§ RECORDS FOR THE TASK
·····

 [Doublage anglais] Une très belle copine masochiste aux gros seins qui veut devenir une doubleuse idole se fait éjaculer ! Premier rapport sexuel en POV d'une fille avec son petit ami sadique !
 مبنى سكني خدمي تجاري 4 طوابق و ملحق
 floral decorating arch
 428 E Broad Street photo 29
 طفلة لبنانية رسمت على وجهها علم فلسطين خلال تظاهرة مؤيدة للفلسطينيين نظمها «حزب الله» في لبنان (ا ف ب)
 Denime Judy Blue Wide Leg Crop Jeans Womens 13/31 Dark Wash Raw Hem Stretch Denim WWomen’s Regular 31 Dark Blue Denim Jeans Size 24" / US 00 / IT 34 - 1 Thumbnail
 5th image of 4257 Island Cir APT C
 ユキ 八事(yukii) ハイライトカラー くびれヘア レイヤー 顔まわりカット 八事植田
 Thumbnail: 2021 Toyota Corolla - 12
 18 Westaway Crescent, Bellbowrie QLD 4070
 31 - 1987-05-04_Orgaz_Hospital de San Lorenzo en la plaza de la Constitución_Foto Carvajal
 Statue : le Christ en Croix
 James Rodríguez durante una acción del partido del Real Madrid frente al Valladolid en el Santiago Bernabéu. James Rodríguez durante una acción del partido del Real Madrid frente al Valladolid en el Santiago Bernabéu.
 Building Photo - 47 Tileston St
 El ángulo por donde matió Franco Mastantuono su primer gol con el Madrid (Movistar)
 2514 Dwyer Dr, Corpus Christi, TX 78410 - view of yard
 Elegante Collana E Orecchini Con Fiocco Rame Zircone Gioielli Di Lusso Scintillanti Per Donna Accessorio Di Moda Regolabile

·····

§ THE TASK
Each line from the one containing "El ángulo por" to the close of the records must appear in the output exactly, and no other line.

§ YOUR RESPONSE
 El ángulo por donde matió Franco Mastantuono su primer gol con el Madrid (Movistar)
 2514 Dwyer Dr, Corpus Christi, TX 78410 - view of yard
 Elegante Collana E Orecchini Con Fiocco Rame Zircone Gioielli Di Lusso Scintillanti Per Donna Accessorio Di Moda Regolabile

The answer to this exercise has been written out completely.